Scaling up or vertical scaling?
Moving to a more powerful machine
Scaling out or horizontal scaling?
Distributing the load across multiple smaller machines
What are Elastic systems? And when are they useful?
Automatically add computing resources when detected load increase.
Quite useful if load is unpredictable.
What are the three design principles for software systems in terms of maintainability?
- Operability
- Simplicity
- Evolvability
What is Operability?
Make it easy for operation teams to keep the system running.
Data systems can do the following to make routine tasks easy e.g.
- Providing visibility into the runtime behavior and internals of the system, with good monitoring.
- Providing good support for automation and integration with standard tools.
- Providing good documentation and easy-to-understand operational model (“If I do X, Y will happen”).
- Self-healing where appropriate, but also giving administrators manual control over the system state when needed.
What is Simplicity?
Easy for new engineers to understand the system by removing as much complexity as possible.
What is Evolvability?
Make it easy for engineers to make changes to the system in the future.
What are functional and nonfunctional requirements?
- Functional requirements: what the application should do
- Nonfunctional requirements: general properties like security, reliability, compliance, scalability, compatibility and maintainability.
What is the difference between Latency and response time?
The response time is what the client sees. Always measured on client side.
Latency is the duration that a request is waiting to be handled.

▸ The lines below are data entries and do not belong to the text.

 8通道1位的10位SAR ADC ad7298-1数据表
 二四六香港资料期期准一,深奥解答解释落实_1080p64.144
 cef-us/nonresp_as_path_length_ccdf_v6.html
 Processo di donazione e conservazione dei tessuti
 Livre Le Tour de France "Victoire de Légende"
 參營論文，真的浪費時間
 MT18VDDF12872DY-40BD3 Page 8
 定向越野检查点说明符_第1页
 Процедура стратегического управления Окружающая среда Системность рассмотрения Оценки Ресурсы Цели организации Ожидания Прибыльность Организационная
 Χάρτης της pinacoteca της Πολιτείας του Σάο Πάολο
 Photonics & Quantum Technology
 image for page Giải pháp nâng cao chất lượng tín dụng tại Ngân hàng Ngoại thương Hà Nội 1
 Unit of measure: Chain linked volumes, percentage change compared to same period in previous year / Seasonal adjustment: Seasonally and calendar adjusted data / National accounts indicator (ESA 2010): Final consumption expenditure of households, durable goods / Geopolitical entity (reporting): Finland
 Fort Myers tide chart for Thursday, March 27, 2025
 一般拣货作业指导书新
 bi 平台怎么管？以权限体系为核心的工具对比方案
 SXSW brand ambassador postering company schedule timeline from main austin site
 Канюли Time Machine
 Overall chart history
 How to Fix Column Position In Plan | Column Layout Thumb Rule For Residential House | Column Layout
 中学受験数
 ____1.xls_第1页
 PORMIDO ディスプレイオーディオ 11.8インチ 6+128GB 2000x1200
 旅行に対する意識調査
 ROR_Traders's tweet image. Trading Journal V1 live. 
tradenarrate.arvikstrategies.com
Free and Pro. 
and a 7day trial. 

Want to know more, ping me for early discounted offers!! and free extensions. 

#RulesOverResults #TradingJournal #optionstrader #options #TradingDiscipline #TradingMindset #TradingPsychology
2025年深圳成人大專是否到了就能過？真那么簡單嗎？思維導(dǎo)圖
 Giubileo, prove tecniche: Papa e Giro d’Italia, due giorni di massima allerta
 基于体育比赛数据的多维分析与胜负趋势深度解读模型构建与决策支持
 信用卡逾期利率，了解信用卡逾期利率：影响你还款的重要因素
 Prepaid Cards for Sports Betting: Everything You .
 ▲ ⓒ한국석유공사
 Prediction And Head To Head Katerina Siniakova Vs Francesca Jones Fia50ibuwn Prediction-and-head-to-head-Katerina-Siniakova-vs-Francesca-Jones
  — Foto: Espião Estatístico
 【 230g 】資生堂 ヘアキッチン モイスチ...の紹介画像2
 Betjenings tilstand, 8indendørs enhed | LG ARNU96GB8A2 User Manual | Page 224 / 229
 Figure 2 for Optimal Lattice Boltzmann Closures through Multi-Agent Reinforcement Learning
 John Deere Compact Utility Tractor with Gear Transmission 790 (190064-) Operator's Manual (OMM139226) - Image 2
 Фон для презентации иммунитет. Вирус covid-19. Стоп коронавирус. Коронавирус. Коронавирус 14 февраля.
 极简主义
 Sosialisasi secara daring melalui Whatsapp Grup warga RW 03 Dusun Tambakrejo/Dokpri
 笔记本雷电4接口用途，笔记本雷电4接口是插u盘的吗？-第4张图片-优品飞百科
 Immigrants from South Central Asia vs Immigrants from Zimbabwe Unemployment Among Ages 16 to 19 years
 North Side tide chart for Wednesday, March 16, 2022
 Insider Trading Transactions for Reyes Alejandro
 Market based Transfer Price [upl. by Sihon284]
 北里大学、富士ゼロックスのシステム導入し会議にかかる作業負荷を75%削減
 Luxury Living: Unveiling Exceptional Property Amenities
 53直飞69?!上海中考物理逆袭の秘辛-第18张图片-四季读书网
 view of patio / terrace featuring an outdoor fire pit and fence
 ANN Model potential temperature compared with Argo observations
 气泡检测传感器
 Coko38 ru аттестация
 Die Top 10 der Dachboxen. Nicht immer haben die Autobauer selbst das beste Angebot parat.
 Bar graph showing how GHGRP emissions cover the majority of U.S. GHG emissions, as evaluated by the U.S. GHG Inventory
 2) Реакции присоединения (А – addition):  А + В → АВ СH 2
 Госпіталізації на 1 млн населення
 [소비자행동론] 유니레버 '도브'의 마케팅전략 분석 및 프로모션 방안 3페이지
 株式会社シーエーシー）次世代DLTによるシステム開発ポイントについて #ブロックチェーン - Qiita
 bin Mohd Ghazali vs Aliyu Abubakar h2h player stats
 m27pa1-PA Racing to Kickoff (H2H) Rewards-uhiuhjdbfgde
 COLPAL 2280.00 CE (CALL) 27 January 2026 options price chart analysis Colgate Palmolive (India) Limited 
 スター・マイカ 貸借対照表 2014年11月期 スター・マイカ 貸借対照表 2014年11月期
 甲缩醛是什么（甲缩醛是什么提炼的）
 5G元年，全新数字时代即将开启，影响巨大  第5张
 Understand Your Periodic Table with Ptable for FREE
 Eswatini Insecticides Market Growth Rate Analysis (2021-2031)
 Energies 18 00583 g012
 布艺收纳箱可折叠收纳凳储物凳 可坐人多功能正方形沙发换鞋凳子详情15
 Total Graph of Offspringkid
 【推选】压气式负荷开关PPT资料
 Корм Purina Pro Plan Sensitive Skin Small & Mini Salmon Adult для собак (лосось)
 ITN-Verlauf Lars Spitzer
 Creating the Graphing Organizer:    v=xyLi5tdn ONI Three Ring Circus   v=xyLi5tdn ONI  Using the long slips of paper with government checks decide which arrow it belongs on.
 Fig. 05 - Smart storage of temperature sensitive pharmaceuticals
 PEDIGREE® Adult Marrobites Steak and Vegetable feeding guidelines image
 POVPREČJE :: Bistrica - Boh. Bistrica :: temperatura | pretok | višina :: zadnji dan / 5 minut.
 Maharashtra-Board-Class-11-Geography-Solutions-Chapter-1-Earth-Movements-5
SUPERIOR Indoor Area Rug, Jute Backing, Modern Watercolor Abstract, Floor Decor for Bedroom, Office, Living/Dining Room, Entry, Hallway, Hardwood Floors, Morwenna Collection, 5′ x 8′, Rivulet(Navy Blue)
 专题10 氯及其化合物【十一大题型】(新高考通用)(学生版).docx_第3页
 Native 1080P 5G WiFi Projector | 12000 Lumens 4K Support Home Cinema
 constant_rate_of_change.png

When we measure response time, what is a better metric than average response time? And why?
Percentiles are a metric than average response time as percentiles tells how many users actually experienced that delay
- Median (50th percentile or p50). Half of user requests are served in less than the median response time, and the other half take longer than the median
- Percentiles 95th, 99th and 99.9th (p95, p99 and p999) are good to figure out how bad your outliners are.
What are the common percentiles measures used for response time?
- Median (50th percentile or p50). Half of user requests are served in less than the median response time.
- Percentiles 95th, 99th and 99.9th (p95, p99 and p999) are good to figure out how bad your outliners are.
Give an example of using 99.99 percentile as a measure of response time? And why is not common practice?
Amazon uses 99.9th percentile for response time requirements for internal services because the customers with the slowest requests often have the most data.
What accounts for large part of response times at high percentiles? And why are high percentiles not common practice?
Queueing delays often account for large part of the response times at high percentiles.
Optimizations are expensive at high percentiles.
What are SLOs and SLAs?
Service level objectives (SLOs) and service level agreements (SLAs) are contracts that define the expected performance and availability of a service. These metrics set expectations for clients of the service and allow customers to demand a refund if the SLA is not met.
An SLA may state the median response time to be less than 200ms and a 99th percentile under 1s.